### PROVIDED RECORDS
.....
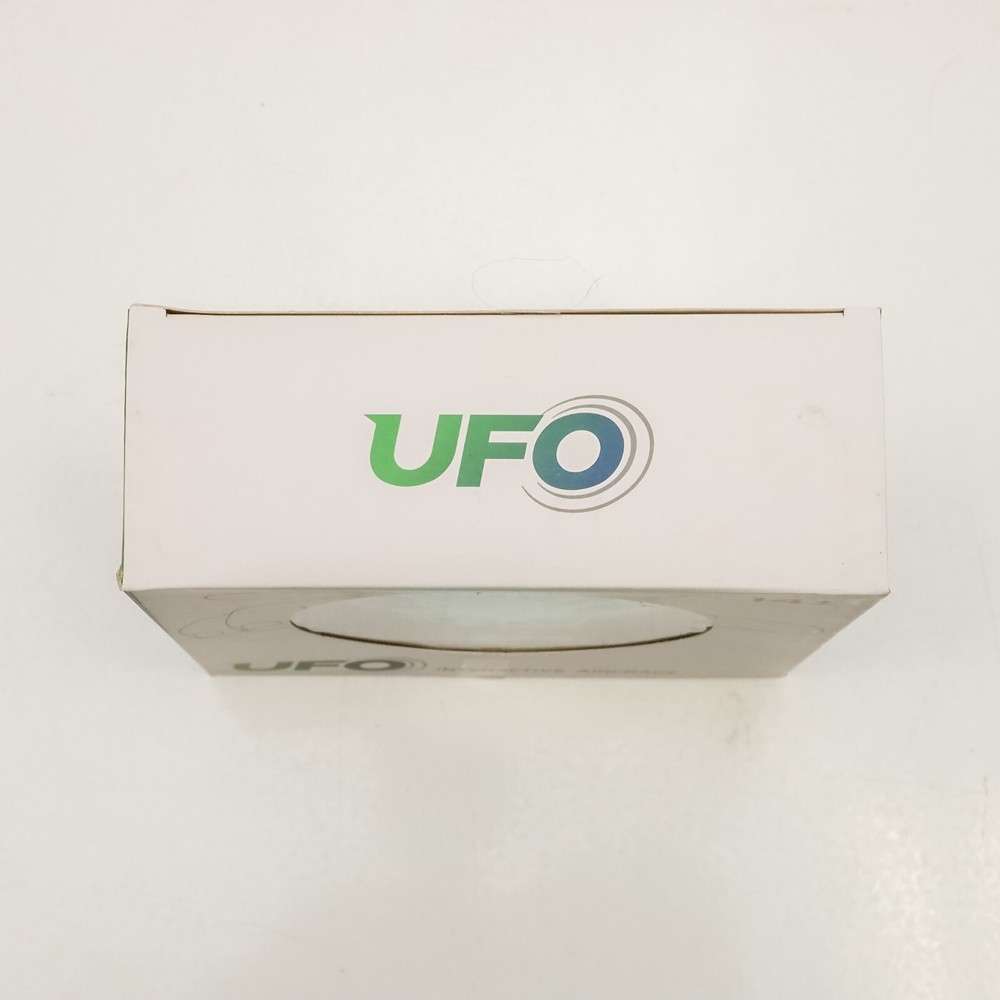 UFO Interactive Aircraft with Blinking Lights and High Low Speed Conversion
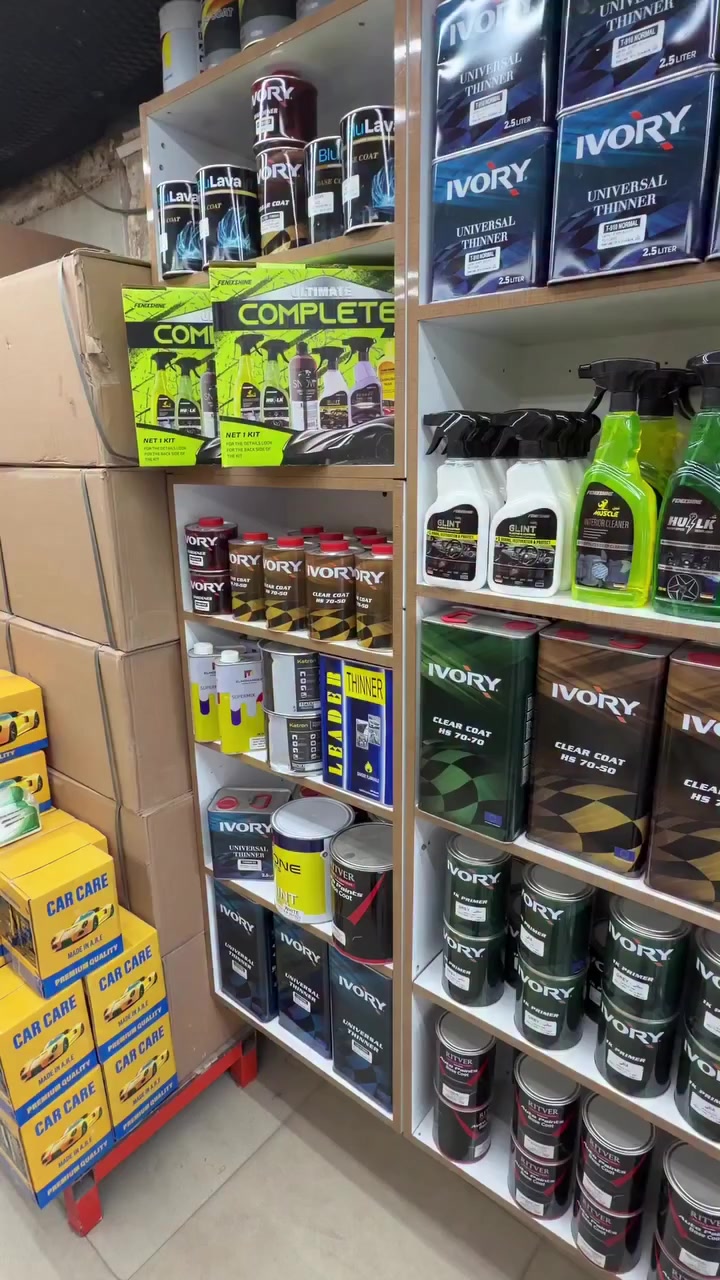 Complete kit 
بكج عنايه متكامل للسيارات 
متكون من 6 منتجات :
1- منظف كشنات ومزيل للبقع 
2- منظف للمحركات والإطارات و مزيل للشحوم 
3- شامبو واكس 
4- مجدد وملمع ومنظف للبلاستك 
5- كرنوبه واكس 
6- ملمع ومجدد للإطارات 

متوفر الآن لدى مكتب الريان لتجاره اصباغ السيارات وملحقاتها 
متوفر البيع جمله ومفرد  
يوجد توصيل لجميع  محافظات العراق 🇮🇶❤️

*********** طه المشهداني
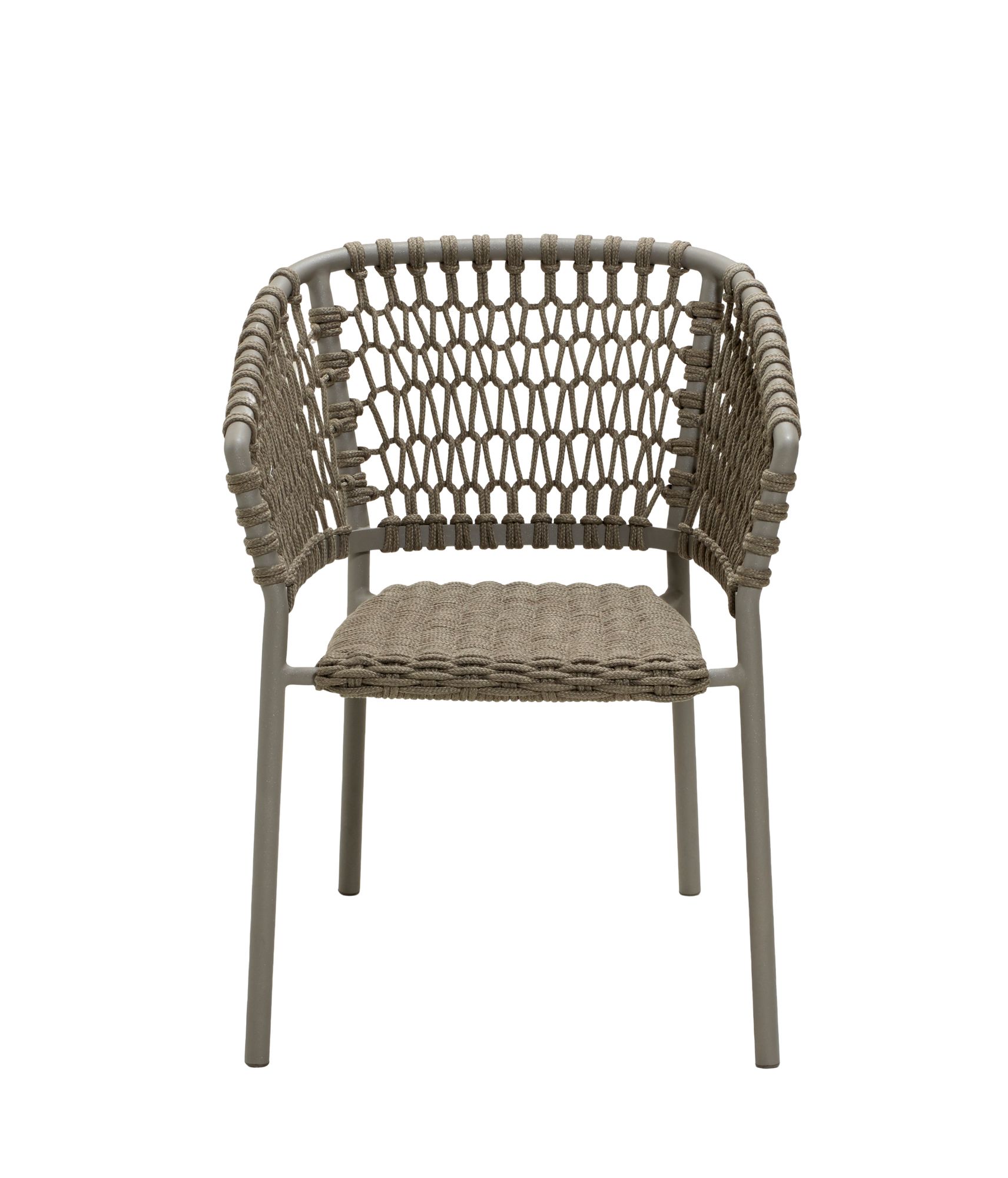 Ocean Sessel von Cane-Line in Taupe: Outdoor-Sessel mit geflochtener Sitzfläche und Rückenlehne.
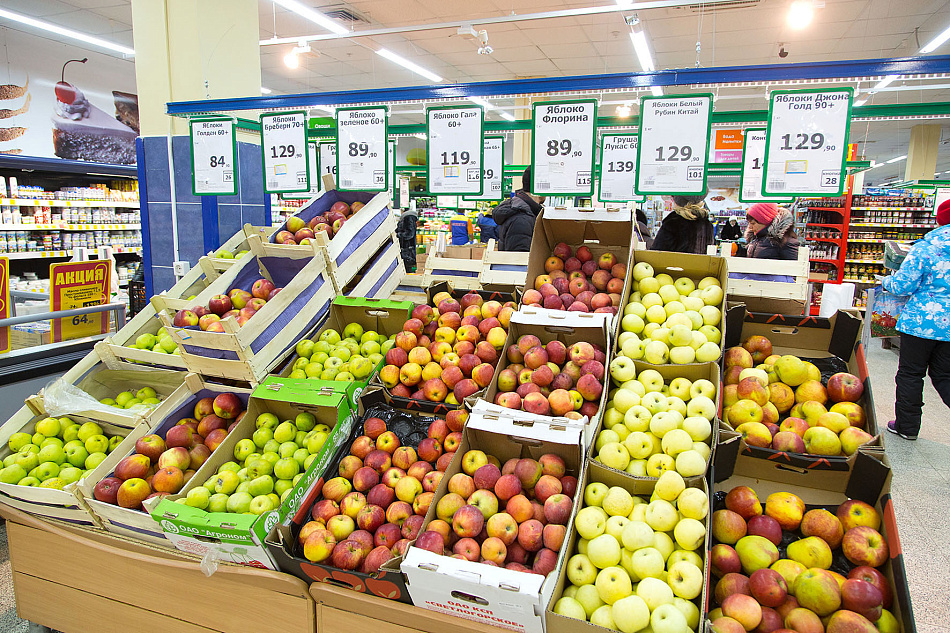 Семнадцать тонн овощей и фруктов проверено в Свердловской области за шесть месяцев 2022 года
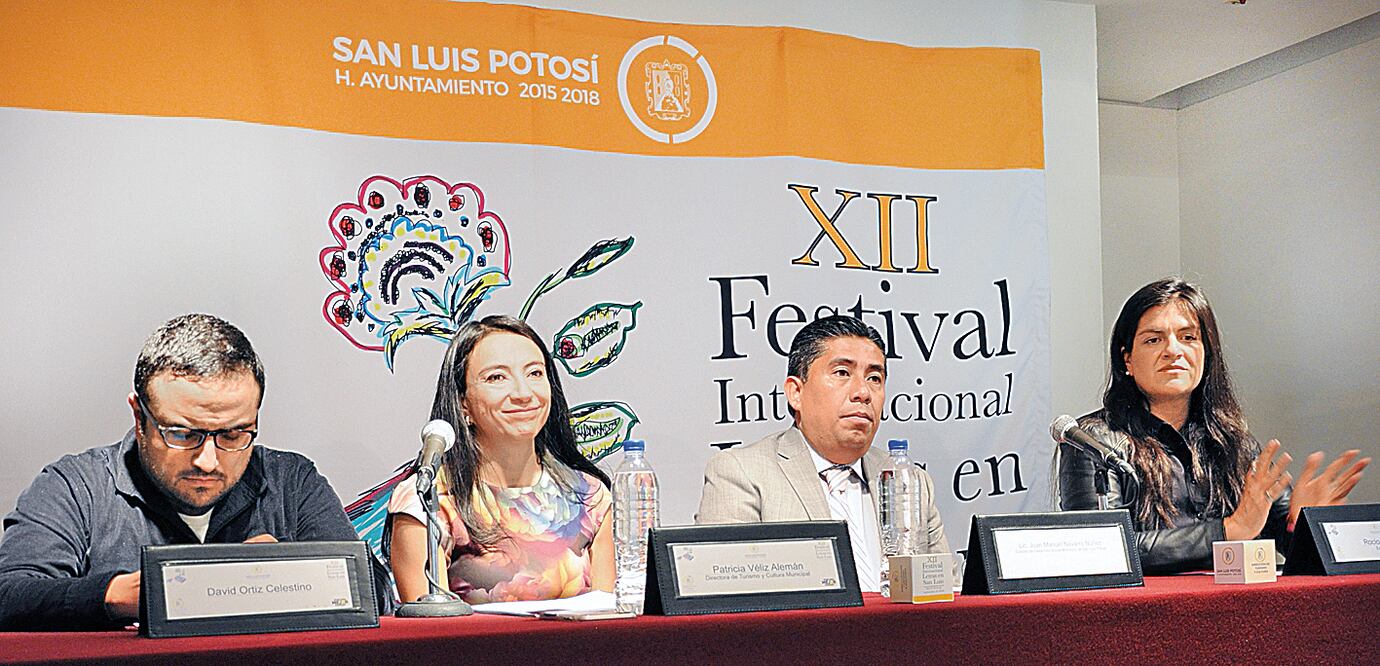 Patricia Véliz, directora de Turismo y Cultura de San Luis Potosí; Juan Manuel Navarro, director de Desarrollo Social de la capital potosina, y la poeta mexicana Rocío Cerón, en la presentación del Festival, en el Palacio de Bellas Artes (CORTESÍA)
.....
### TO DO
Leave out every picture and transcribe the remaining entries exactly.

### WRITTEN SOLUTION
 UFO Interactive Aircraft with Blinking Lights and High Low Speed Conversion
 Complete kit 
بكج عنايه متكامل للسيارات 
متكون من 6 منتجات :
1- منظف كشنات ومزيل للبقع 
2- منظف للمحركات والإطارات و مزيل للشحوم 
3- شامبو واكس 
4- مجدد وملمع ومنظف للبلاستك 
5- كرنوبه واكس 
6- ملمع ومجدد للإطارات 

متوفر الآن لدى مكتب الريان لتجاره اصباغ السيارات وملحقاتها 
متوفر البيع جمله ومفرد  
يوجد توصيل لجميع  محافظات العراق 🇮🇶❤️

*********** طه المشهداني
 Ocean Sessel von Cane-Line in Taupe: Outdoor-Sessel mit geflochtener Sitzfläche und Rückenlehne.
 Семнадцать тонн овощей и фруктов проверено в Свердловской области за шесть месяцев 2022 года
 Patricia Véliz, directora de Turismo y Cultura de San Luis Potosí; Juan Manuel Navarro, director de Desarrollo Social de la capital potosina, y la poeta mexicana Rocío Cerón, en la presentación del Festival, en el Palacio de Bellas Artes (CORTESÍA)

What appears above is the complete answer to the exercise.